Porque la venganza llama al goce y el goce a la
venganza pero no en cualquier vagina y es preferible que en ninguna.
Con mi pañuelo de batista en la mano Gustavo se limpió su punta
agresiva y así me lo devolvió rojo sangre y marrón. Mi lengua lo
limpió en un segundo, hasta devolverle al paño la cara augusta, el
retrato con un collar de perlas en el cuello, eh. Con un collar en
el cuello. Justo ahí.
Descansaba Esteban mirando el aire después de
gozar y era mi turno. Yo me acerqué a la forma de ¡Estropeado! medio
sepultada en el barro y la di vuelta con el pie. En la cara brillaba
el tajo obra del vidrio triangular. El ombligo de raquítico lucía
lívido azulado. Tenía los brazos y las piernas encogidos, como si
ahora y todavía, después de la derrota, intentara protegerse del
asalto. Reflejo que no pudo tener en su momento condenado por la
clase. Con el punzón le alargué el ombligo de otro tajo. Manó la
sangre entre los dedos de sus manos. En el estilo más feroz el
punzón le vació los ojos con dos y sólo dos golpes exactos. Me
felicitó Gustavo y Esteban abandonó el gesto de contemplar el vidrio
esférico del sol para felicitar. Me agaché. Conecté el falo a la
boca respirante de ¡Estropeado! Con los cinco dedos de la mano imité
la forma de la fusta. A fustazos le arranqué tiras de la piel de la
cara a ¡Estropeado! y le impartí la parca orden:
–Habrás de
lamerlo. Succión.
¡Estropeado! se puso a lamerlo. Con escasas
fuerzas, como si temiera hacerme daño, aumentándome el placer.
A otra cosa. La verdad nunca una muerte logró
afectarme. Los que dije querer y que murieron, y si es que alguna
vez lo dije, incluso camaradas, al irse me regalaron un claro
sentimiento de liberación. Era un espacio en blanco aquel que se
extendía para mi crujir.
Era un espacio en blanco.
Era un espacio en blanco.
Era un espacio en blanco.
Pero también vendrá por mí. Mi muerte será otro
parto solitario del que ni sé siquiera si conservo memoria.

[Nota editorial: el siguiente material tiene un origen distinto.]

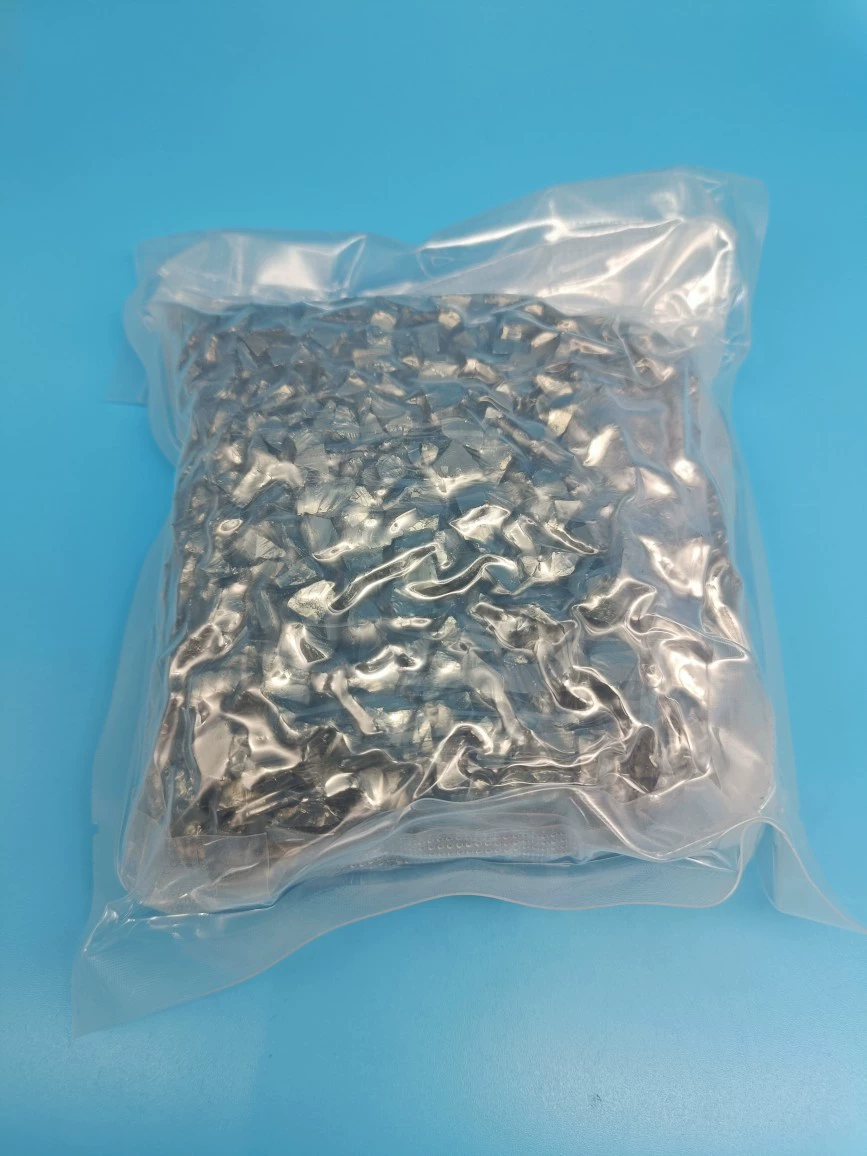 Металлический руридий Ge инфракрасный вакуумный материал покрытия 99,999% чистота 3-8 мм частицы 1 кг/пакет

Desde la torre fría y de vidrio. Desde donde he
contemplado después el trabajo de los jornaleros tendiendo las vías
del nuevo ferrocarril. Desde la torre erigida como si yo alguna vez
pudiera estar erecto. Los cuerpos se aplanaban con paciencia sobre
las labores de encargo. La muerte plana, aplanada, que me dejaba
vacío y crispado. Yo soy aquel que ayer nomás decía y eso es lo que
digo. La exasperación no me abandonó nunca y mi estilo lo confirma
letra por letra.
Desde este ángulo de agonía la muerte de un niño
proletario es un hecho perfectamente lógico y natural. Es un hecho
perfecto.
Los despojos de ¡Estropeado! ya no daban para
más. Mi mano los palpaba mientras él me lamía el falo. Con los ojos
entrecerrados y a punto de gozar yo comprobaba, con una sola
recorrida de mi mano, que todo estaba herido ya con exhaustiva
precisión. Se ocultaba el sol, le negaba sus rayos a todo un
hemisferio y la tarde moría. Descargué mi puño martillo sobre la
cabeza achatada de animal de ¡Estropeado!: él me lamía el falo.
Impacientes Gustavo y Esteban querían que aquello culminara para de
una buena vez por todas: Ejecutar el acto. Empuñé mechones del pelo
de ¡Estropeado! y le sacudí la cabeza para acelerar el goce. No
podía salir de ahí para entrar al otro acto. Le metí en la boca el
punzón para sentir el frío del metal junto a la punta del falo.
Hasta que de puro estremecimiento pude gozar. Entonces dejé que se
posara sobre el barro la cabeza achatada de animal.
–Ahora hay
que ahorcarlo rápido -dijo Gustavo.
–Con un
alambre –dijo
Estebanñ en la calle de tierra donde empieza el barrio precario de
los desocupados.
–Y adiós
Stroppani ¡vamos! –dije
yo.
Remontamos el cuerpo flojo del niño proletario
hasta el lugar indicado. Nos proveímos de un alambre. Gustavo lo
ahorcó bajo la luna, joyesca, tirando de los extremos del alambre.